> [Exercise details]:
Search the entries for lines that contain the word "pour", and report each one found.

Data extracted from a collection
[Start of section]

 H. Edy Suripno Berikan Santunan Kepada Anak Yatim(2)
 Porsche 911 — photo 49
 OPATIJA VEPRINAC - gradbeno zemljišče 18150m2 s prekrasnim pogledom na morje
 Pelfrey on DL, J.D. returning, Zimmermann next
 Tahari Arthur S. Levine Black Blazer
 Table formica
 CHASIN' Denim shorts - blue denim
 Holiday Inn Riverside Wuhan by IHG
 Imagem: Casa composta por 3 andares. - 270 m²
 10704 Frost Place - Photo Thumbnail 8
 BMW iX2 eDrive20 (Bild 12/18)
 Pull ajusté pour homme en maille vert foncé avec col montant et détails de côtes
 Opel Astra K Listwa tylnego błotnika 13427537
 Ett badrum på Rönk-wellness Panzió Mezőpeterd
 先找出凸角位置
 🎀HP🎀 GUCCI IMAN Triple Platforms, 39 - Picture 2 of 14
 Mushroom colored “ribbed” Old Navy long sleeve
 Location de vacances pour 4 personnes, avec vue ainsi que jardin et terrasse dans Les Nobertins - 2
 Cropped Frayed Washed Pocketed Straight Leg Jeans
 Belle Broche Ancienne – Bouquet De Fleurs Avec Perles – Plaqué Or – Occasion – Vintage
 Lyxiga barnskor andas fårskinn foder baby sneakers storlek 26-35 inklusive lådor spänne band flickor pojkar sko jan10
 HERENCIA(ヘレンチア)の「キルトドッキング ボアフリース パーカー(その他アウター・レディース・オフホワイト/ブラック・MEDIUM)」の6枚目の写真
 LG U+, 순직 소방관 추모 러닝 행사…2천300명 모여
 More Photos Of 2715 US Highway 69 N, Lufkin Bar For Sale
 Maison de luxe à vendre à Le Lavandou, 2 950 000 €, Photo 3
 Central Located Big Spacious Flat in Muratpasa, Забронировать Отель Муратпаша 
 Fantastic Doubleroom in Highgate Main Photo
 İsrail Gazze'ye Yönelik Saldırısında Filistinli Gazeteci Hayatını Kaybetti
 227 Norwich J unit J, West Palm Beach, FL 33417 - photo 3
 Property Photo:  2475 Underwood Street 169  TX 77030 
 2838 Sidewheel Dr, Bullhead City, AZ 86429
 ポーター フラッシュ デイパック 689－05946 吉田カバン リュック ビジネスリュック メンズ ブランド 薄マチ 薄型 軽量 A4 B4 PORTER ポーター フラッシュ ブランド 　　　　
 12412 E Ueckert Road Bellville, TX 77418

[End of section]

> [Answer box]:
 Pull ajusté pour homme en maille vert foncé avec col montant et détails de côtes
 Location de vacances pour 4 personnes, avec vue ainsi que jardin et terrasse dans Les Nobertins - 2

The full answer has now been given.